_Prompt_:
List every line below containing "from".

[Crawled caption data]
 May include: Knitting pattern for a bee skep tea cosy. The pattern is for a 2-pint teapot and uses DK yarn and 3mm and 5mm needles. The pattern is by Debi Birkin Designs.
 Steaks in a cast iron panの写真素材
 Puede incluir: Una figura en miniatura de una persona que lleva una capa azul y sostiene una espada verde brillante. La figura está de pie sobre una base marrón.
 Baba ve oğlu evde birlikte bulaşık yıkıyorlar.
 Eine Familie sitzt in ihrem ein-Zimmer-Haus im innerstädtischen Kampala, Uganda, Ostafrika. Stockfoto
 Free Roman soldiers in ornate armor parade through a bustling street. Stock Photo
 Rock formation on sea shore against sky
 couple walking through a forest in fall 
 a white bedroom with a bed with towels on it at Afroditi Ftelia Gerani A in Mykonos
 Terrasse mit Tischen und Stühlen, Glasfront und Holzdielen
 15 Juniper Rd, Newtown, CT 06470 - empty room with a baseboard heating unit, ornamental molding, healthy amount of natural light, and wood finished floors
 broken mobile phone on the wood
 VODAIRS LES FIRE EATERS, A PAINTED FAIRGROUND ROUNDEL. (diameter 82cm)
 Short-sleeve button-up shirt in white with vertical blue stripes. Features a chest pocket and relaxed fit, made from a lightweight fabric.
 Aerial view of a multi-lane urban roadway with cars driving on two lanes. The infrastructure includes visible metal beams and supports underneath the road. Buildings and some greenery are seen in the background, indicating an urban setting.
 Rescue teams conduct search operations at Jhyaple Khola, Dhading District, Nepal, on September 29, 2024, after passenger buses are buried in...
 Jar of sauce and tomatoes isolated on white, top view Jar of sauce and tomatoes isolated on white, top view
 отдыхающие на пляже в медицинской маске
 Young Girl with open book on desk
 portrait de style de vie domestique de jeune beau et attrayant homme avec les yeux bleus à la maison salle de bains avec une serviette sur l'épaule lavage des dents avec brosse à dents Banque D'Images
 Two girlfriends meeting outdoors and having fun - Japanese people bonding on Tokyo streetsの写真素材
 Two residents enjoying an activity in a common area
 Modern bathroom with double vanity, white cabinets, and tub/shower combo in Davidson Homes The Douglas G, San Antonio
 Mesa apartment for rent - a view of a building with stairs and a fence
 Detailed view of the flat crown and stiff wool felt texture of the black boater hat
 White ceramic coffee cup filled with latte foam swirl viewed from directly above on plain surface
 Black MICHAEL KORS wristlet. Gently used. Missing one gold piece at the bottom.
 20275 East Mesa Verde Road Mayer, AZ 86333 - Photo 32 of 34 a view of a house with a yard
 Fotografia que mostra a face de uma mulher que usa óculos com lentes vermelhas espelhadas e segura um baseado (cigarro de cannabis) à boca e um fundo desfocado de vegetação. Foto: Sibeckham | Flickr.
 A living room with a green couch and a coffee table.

_Exercise solution_:
 Short-sleeve button-up shirt in white with vertical blue stripes. Features a chest pocket and relaxed fit, made from a lightweight fabric.
 White ceramic coffee cup filled with latte foam swirl viewed from directly above on plain surface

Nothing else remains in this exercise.